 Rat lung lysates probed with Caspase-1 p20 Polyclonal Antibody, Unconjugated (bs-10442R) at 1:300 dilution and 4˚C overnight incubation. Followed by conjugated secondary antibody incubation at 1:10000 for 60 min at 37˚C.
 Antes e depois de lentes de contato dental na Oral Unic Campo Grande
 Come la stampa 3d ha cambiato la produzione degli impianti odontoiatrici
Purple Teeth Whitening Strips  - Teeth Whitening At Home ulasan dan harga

···

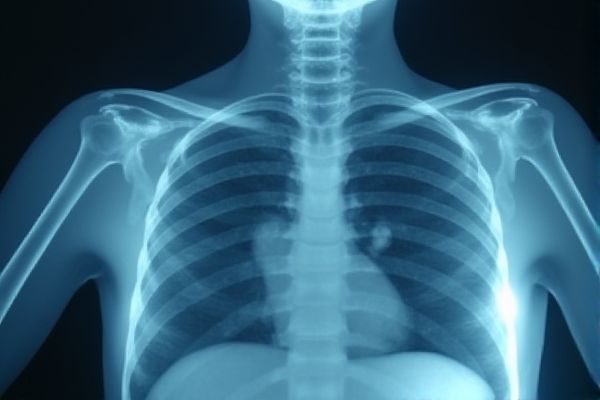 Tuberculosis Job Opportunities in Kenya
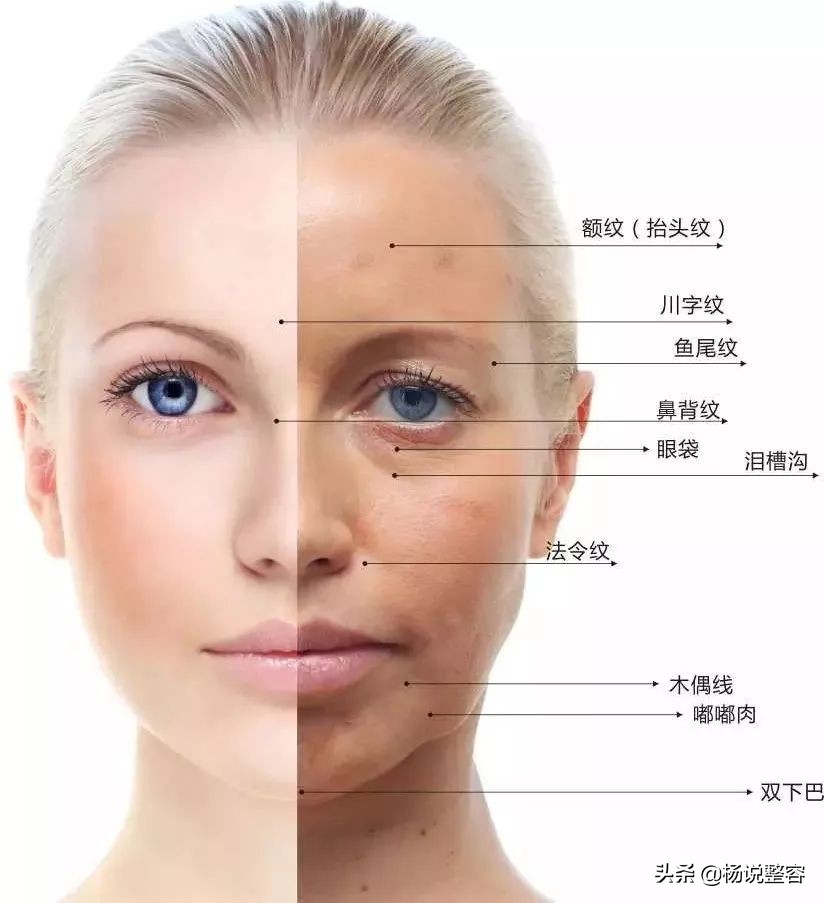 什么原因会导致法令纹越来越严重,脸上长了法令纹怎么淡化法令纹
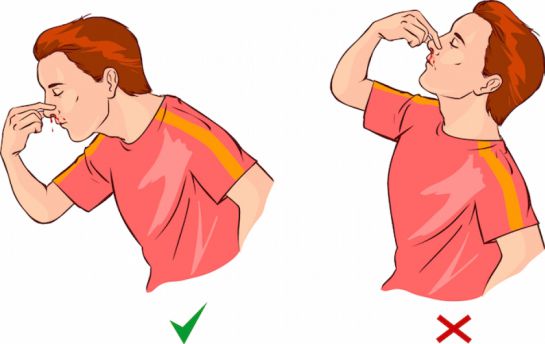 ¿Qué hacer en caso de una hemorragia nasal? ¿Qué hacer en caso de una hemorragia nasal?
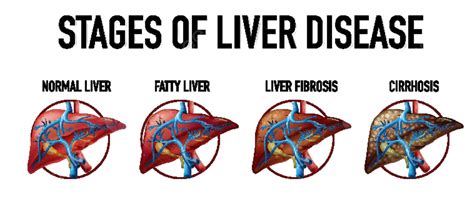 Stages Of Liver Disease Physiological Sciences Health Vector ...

···

Exercise prompt >> From the material above, copy exactly the lines between the line holding "Rat lung lysates" and the line holding "Purple Teeth Whitening", inclusive, and only those.

Solution to the problem >>
 Rat lung lysates probed with Caspase-1 p20 Polyclonal Antibody, Unconjugated (bs-10442R) at 1:300 dilution and 4˚C overnight incubation. Followed by conjugated secondary antibody incubation at 1:10000 for 60 min at 37˚C.
 Antes e depois de lentes de contato dental na Oral Unic Campo Grande
 Come la stampa 3d ha cambiato la produzione degli impianti odontoiatrici
Purple Teeth Whitening Strips  - Teeth Whitening At Home ulasan dan harga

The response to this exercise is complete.